### Task statement
Write out, with no changes, every line starting at the one that contains "2026 Jeep Grand" and ending at the last line of the data below. Leave pictures out.

═════ Dataset excerpt ═════

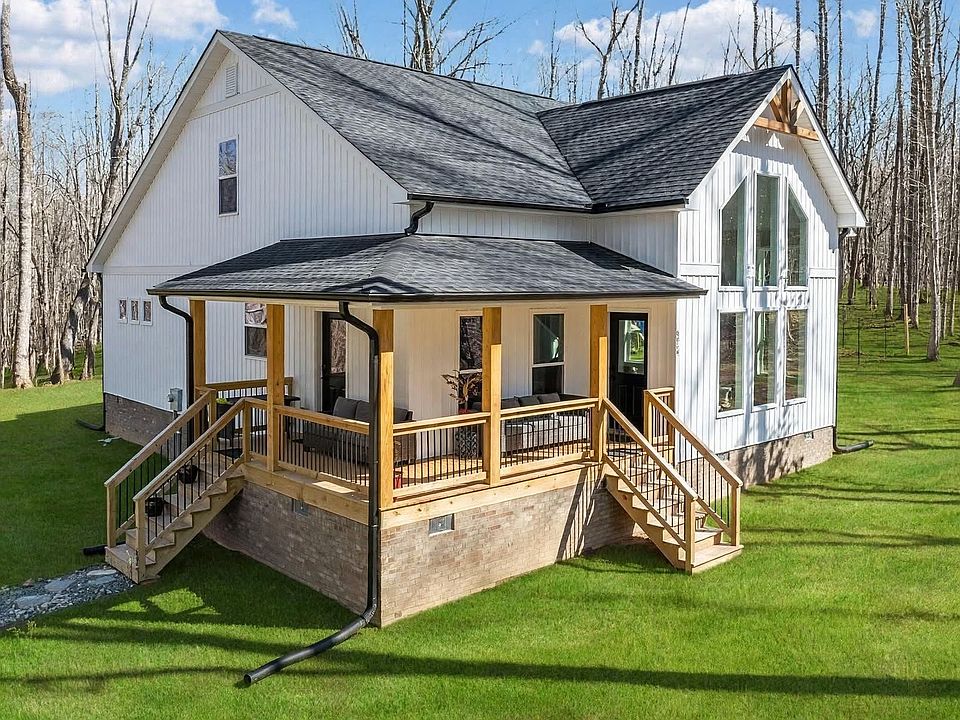 24 Cottage w/ 12 Acres/Creek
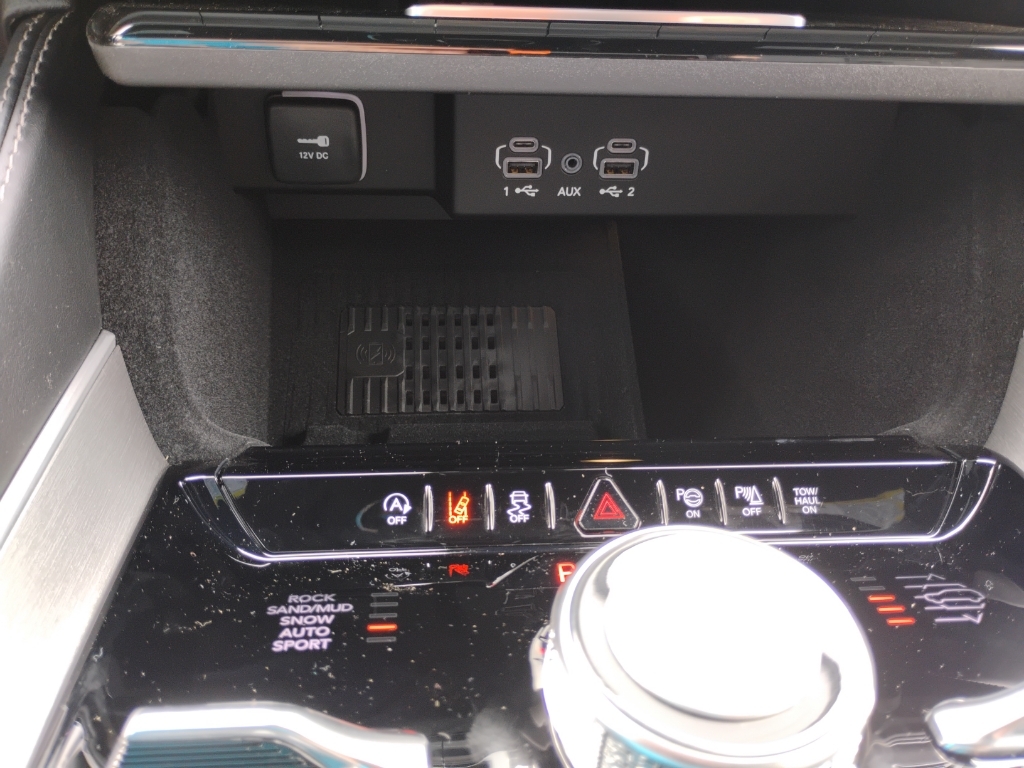 2026 Jeep Grand Wagoneer representative vehicle photo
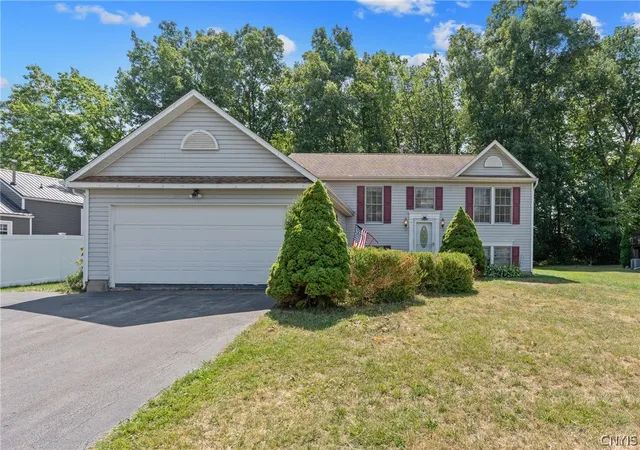 Single family home for sale at 5381 Carrick Cir, Cicero, NY 13029 | MLS# S1709782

═════

### Solution for this exercise
 2026 Jeep Grand Wagoneer representative vehicle photo
 Single family home for sale at 5381 Carrick Cir, Cicero, NY 13029 | MLS# S1709782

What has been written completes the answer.